**The task**
Below is a listing; retype exactly the line with "Butterhead Lettuce Boston Bibb Seeds" and every line after it through the end, and only those, leaving out the pictures.

═══ Source data

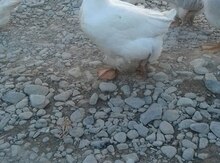Xalmaqor qazları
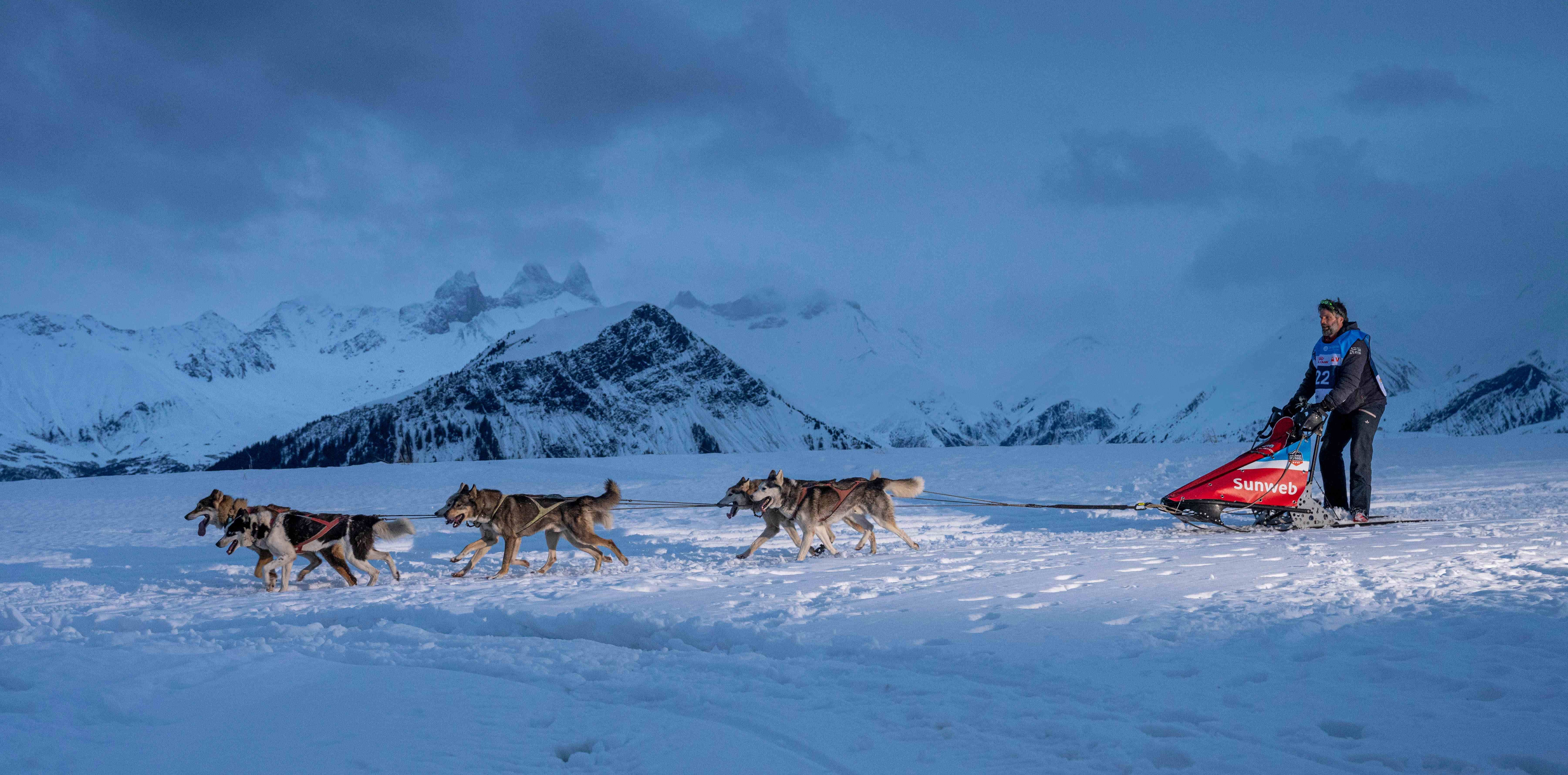 Photo prise en format paysage à la tombée de la nuit, pendant l'hiver. La photo a été prise pendant l'événement la Grande Odyssée VVF qui est une course de chiens de traîneau. Nous pouvons voir un musher avec ton attelage. En arrière plan nous pouvons voir le Mont Charvin et les Aiguilles d'Arves.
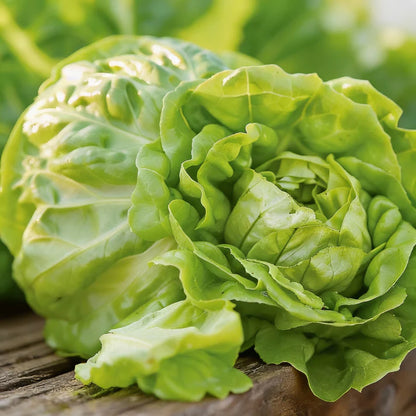 Butterhead Lettuce Boston Bibb Seeds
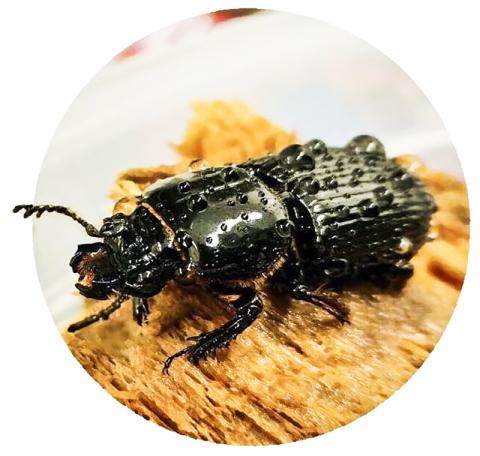The parasitic beetle works together on a family basis to protect the log tunnel house and look after the young. A new study by Berkeley Lab found that the beetle's different microbes also helped survive the young. RELIGION: Javier Ceja-Navarro / Berkeley Lab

══════

**Task result**
 Butterhead Lettuce Boston Bibb Seeds
The parasitic beetle works together on a family basis to protect the log tunnel house and look after the young. A new study by Berkeley Lab found that the beetle's different microbes also helped survive the young. RELIGION: Javier Ceja-Navarro / Berkeley Lab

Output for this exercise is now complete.